Tempo libero
Fitness magico?
Nei giorni scorsi un articolo su un quotidiano a grande diffusione titolava : Fitness, l’ultima magia in palestra, in forma in 15 minuti.
Sorvoliamo sull’ambiguità del titolo che lascia intendere che potrebbero bastare 15 minuti (in totale) per avere una forma perfetta. La sostanza comunque è che si scende dai 30/40 minuti ai 15 minuti di allenamento per conservare la forma fisica. Come?
Utilizzando “la tecnica dell’ high – intensity training, l’ultima moda per uomini e donne che vivono perennemente di corsa e non ce la fanno a fare tutto quello che hanno in agenda” e quindi rinunciano all’ora dedicata al tempo dell’allenamento per dare precedenza alle incombenze quotidiane. I guru del fitness “magico”, del “less workout, more work” (meno esercizio, più fatica) si concentrano sull’intensità dell’esercizio per contenerlo in tempi minori. Tale sistema nasce in America e pare sia stato adottato anche dal premier inglese David Cameron, assistito dal personal trainer delle dive Matt Roberts.
Nulla di male, sembrerebbe, se con minor tempo e minor impegno si ottengono gli stessi e, forse, migliori risultati. E’ più gestibile, più a portata di tutti.
Ma una riflessione va fatta su due punti: da un lato sulla rischiosità di sottoporre a uno sforzo notevole l’organismo come sottolinea, nello stesso articolo, il prof. Zeppilli, direttore di medicina dello sport alla Cattolica di Roma.

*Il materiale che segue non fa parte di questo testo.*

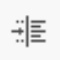 Increase Indent icon
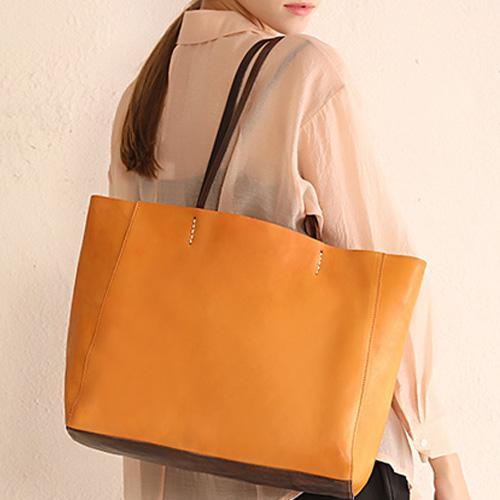 Large top tan purse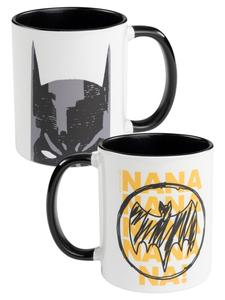 Кружка для кофе NANANA с изображением Бэтмена DC Comics, 320 мл, черно-белая Batman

L’altro punto è la logica che sottende tali metodi. Una logica che stravolge il concetto di “cura di sé” per trasformalo in prestazione, impegno in agenda, attività da sbrigare e “consumare” in tempi rapidi, rapidissimi; la stessa logica che ha partorito i “ fast- food” e che segue (o lo genera?) il ritmo della vita frenetica moderna; quella che ci costringe a vivere di corsa e a far sì che non ci siano momenti vuoti, luoghi di relax quotidiano, ma che tutto venga “incastrato”, incasellato tra mille impegni. Una logica aberrante dove il relax può essere solo “straordinario”, occasionale, e sia permesso (solo a chi potrà farlo) in raffinati centri benessere e costose SPA, e solo in occasioni speciali: un anniversario, una vacanza, un fine settimana “in”.
Il concetto che ogni giorno ci si debba affannare per produrre reddito (anche per guadagnarsi il relax speciale) mentre “volersi bene” sia consentito una tantum, è una contraddizione, un paradosso (con lo stress ti conquisti il benessere); correre da un posto all’altro, è oramai così scontato che non ce lo chiediamo nemmeno se rallentare sia possibile, anzi è visto come un “lusso”.
Una logica, non dichiarata ma universalmente accettata, dice che solo il vivere di corsa è produttivo e quindi “buono e giusto”, ancorché inevitabile. E lo accettiamo anche perché negli spazi vuoti, nei relax, nella vita contemplativa, si può essere indotti alla riflessione su sé e sul mondo; si può insinuare il pensiero che un altro modello di vita è possibile a patto di cambiare le abitudini e il passo. Soprattutto potremmo interrogarci sulla finalità del nostro vivere che non può essere costretto e ridotto a una pura e semplice “riproduzione” ed “autoriproduzione dell’esistente” senza preoccuparci di lavorare per un mondo migliore dove anche i rapporti sono migliori.